_Entries taken from a collection:_

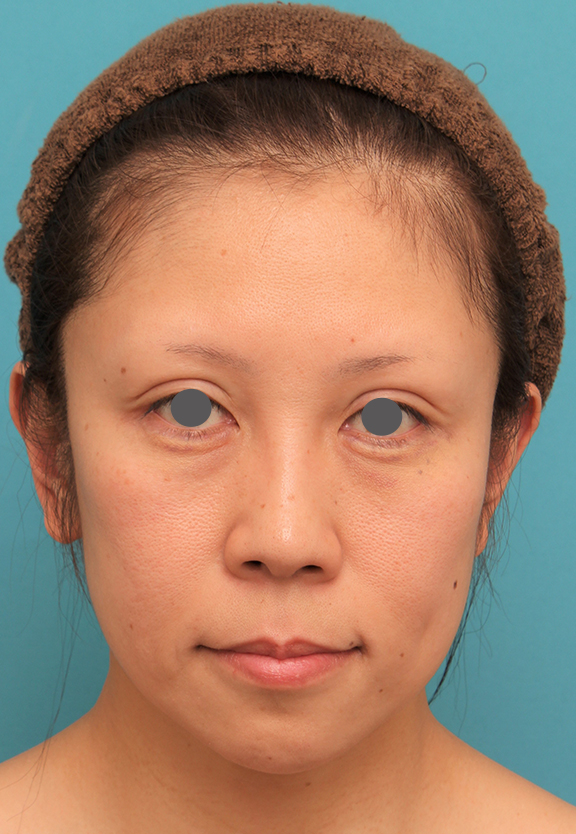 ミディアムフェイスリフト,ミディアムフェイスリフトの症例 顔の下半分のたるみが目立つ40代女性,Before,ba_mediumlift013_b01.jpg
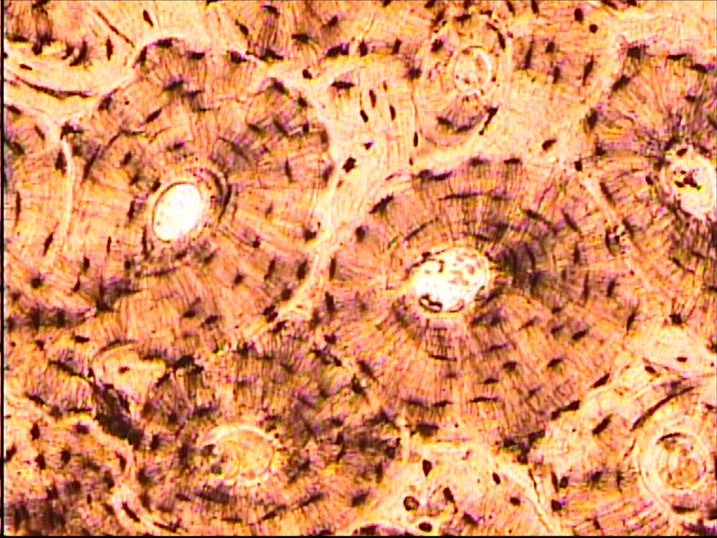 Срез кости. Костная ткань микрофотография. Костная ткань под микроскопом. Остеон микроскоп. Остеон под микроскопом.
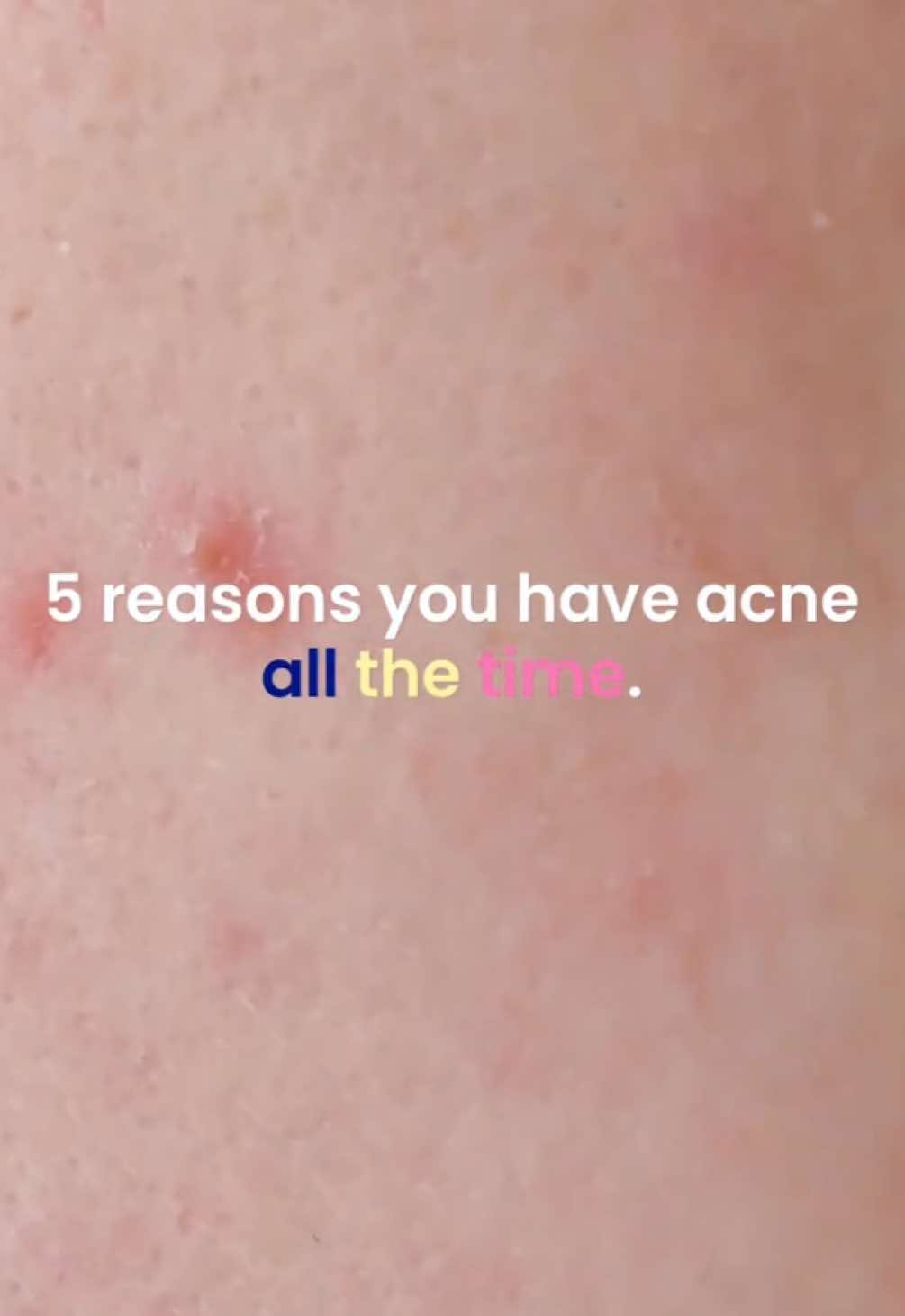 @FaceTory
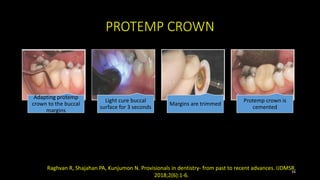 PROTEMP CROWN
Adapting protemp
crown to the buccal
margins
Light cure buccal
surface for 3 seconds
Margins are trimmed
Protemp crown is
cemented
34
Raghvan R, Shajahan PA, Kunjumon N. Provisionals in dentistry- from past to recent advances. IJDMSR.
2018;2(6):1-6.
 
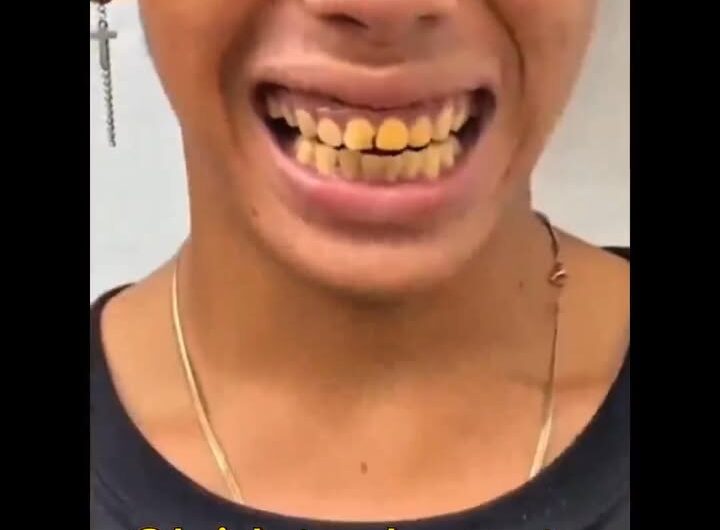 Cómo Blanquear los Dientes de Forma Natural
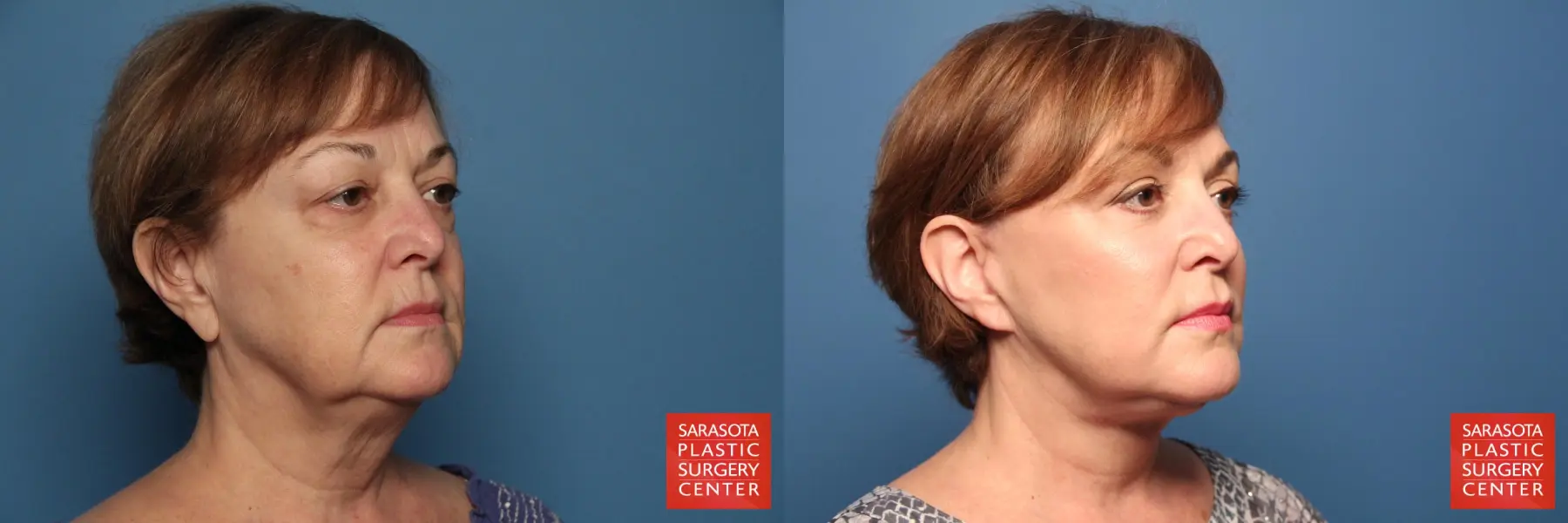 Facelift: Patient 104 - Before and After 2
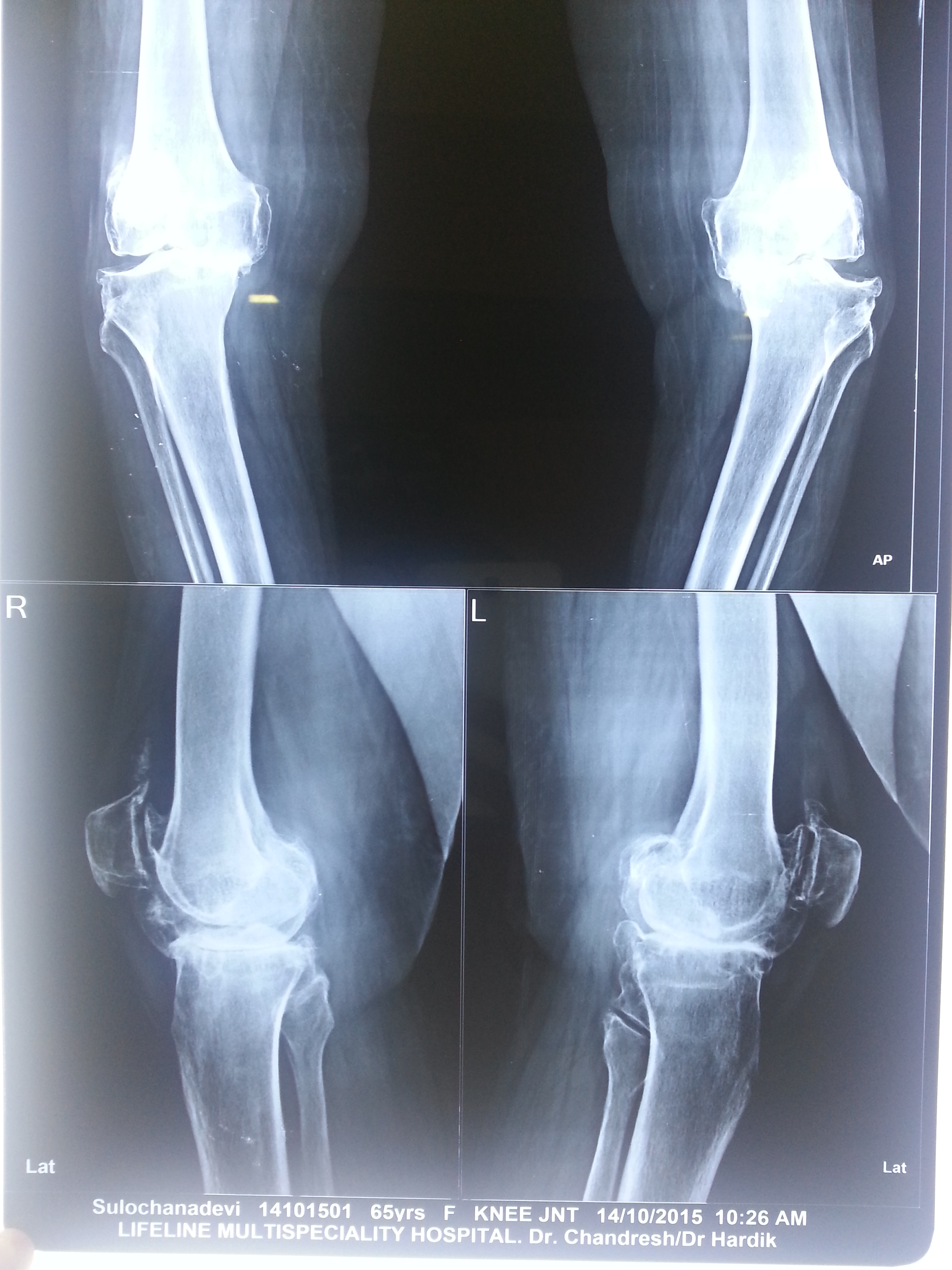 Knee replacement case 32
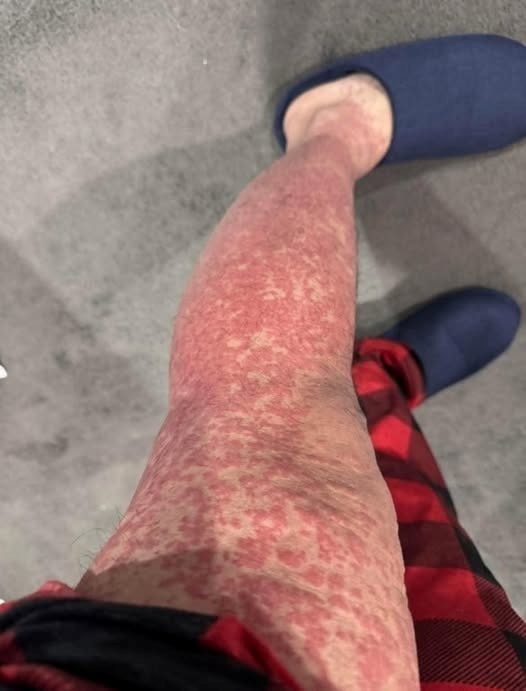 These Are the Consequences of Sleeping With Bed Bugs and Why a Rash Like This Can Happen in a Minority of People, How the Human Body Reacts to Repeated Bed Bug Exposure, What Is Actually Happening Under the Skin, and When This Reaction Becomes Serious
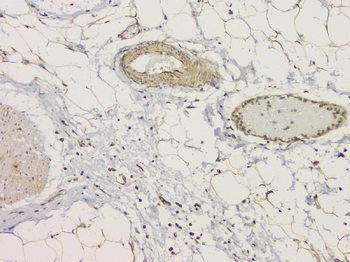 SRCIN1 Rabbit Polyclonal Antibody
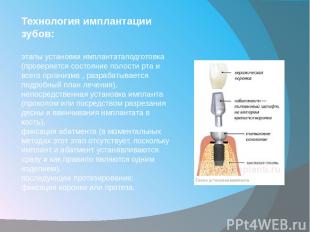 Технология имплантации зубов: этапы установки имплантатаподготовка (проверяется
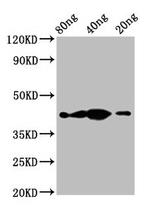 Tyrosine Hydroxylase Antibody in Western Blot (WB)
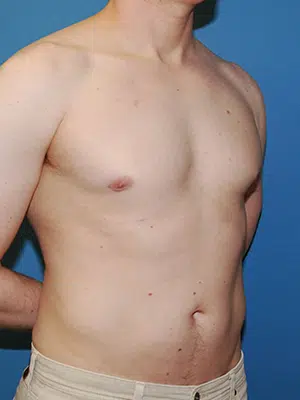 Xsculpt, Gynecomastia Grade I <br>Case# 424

_Action item:_ Leaving the images out, return every record exactly.

_Exercise output:_
 ミディアムフェイスリフト,ミディアムフェイスリフトの症例 顔の下半分のたるみが目立つ40代女性,Before,ba_mediumlift013_b01.jpg
 Срез кости. Костная ткань микрофотография. Костная ткань под микроскопом. Остеон микроскоп. Остеон под микроскопом.
 @FaceTory
 PROTEMP CROWN
Adapting protemp
crown to the buccal
margins
Light cure buccal
surface for 3 seconds
Margins are trimmed
Protemp crown is
cemented
34
Raghvan R, Shajahan PA, Kunjumon N. Provisionals in dentistry- from past to recent advances. IJDMSR.
2018;2(6):1-6.
 
 Cómo Blanquear los Dientes de Forma Natural
 Facelift: Patient 104 - Before and After 2
 Knee replacement case 32
 These Are the Consequences of Sleeping With Bed Bugs and Why a Rash Like This Can Happen in a Minority of People, How the Human Body Reacts to Repeated Bed Bug Exposure, What Is Actually Happening Under the Skin, and When This Reaction Becomes Serious
 SRCIN1 Rabbit Polyclonal Antibody
 Технология имплантации зубов: этапы установки имплантатаподготовка (проверяется
 Tyrosine Hydroxylase Antibody in Western Blot (WB)
 Xsculpt, Gynecomastia Grade I <br>Case# 424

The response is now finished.